Bell Clan Motto: Signum Pacis Amor (Love is the token of peace).
Bell Clan History:
A Border riding Clan which gave allegiance to the House of Douglas until the power of that great Clan was dispersed. It is thought that the Bells originate from a Norman supporter of David I, and that the name comes from the French word "Bel", translated as meaning beautiful or handsome.
For generations, the Bells were settled in Middlebie, Dumfriesshire and Berwickshire, although a family of the name was also connected with the church of Dunkeld in Perthshire, an Andrew Bell and Thomas dictus Bell being Canons, and a William Bell serving as Dean.
William Bell, Vicar of Lamberton, witnessed a Charter to Coldingham Priory in 1271, and Adam and Richard Belle rendered homage to Edward I of England in 1296. For generations, the Borders-based Bells survived along with their neighbours through cattle reiving on the West Marches. Their tower at Blackethouse in Dumfriesshire was destroyed in an English raid of 1547, and, after the Union of the Crowns in 1603, they were declared "unruly" by the Scottish Parliament. Many of the Clan moved to the Ulster Plantations, where the name is still widely held. Others emigrated to Australia and New Zealand. Several also crossed the Border into England and settled in Northumberland.

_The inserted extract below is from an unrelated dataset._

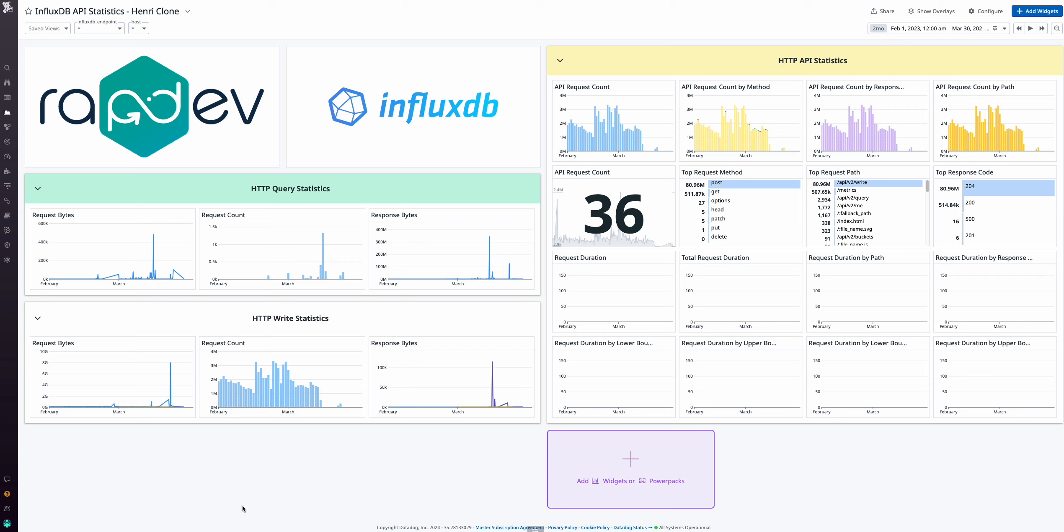RapDev's InfluxDB integration allows you to explore the depth of your InfluxDB environment, offering four insightful dashboards.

After the Chief of the Clan, William Bell, called "Redcloak" after the captured cloak of an adversary seized in battle, died in 1628, the Chiefship became dormant. Dispersed and without leadership, the Bells ceased to exist as a viable Clan. However, in 1990, a petition was begun in support of Douglas Bell, CBE, but he unfortunately died in 1993 before the process of submission to the Lord Lyon King of Arms was completed. In the meantime, his son Benjamin is recognised as Chief Apparent by Clan Bell International (CBI), a charitable non-profit making organisation based in the USA.
Since 1984, the Bells have had two tartans: "Bell of the Borders", informally known as "Dress Blue", and "Bell South", the latter celebrating the merger of Clan Bell International and Clan Bell Descendants.
Andrew Bell (1753-1832, was born at St Andrews and went to Madras in India, where he developed the pupil-teacher system of education. Henry Bell (1767-1830) designed the "Comet", the first vessel to be propelled by steam on a navigable river in Europe. It was built at Port Glasgow in 1812. Sir Charles Bell (1774-1842), was born in Edinburgh and pioneered work on the human nervous system. He became Professor of Anatomical Surgery at the Royal College of Surgeons in London in 1824, Principal of the Medical School at University College, London, in 1828, and Professor of Surgery at Edinburgh in 1836. The Reverend Patrick Bell (1799-1869) was born at Auchterhouse and became the Minister at Carmylie, Angus. He invented the reaping machine. Alexander Graham Bell (1846-1922) was born in Edinburgh and his parents, having emigrated to America, became Professor of Vocal Physiology at Boston University, USA. In 1876, he invented the telephone. John Jay Bell (1871-1934) was a humourist writer of such works as Wee MacGreegor and Mistress M'Leerie.
Places of Interest: Blackethouse Tower in the Parish of Middlebie, Annandale, Dumfriesshire was destroyed in an English raid in 1547. Bell's Brae, in the Dean Village of Edinburgh, was named after Walter Bell, a miller here. Bell's Wynd, in the old Town of Edinburgh, was named after John Bell's brewery, to which it led in the 16th century.
Surname distribution within Scotland: Most instances of the Bell surname occur in the Scottish Borders (Berwickshire, Peeblesshire, Roxburghshire, Selkirkshire and part of Midlothian) and Dumfries and Galloway (Dumfriesshire, Kirkcudbrightshire and Wigtownshire).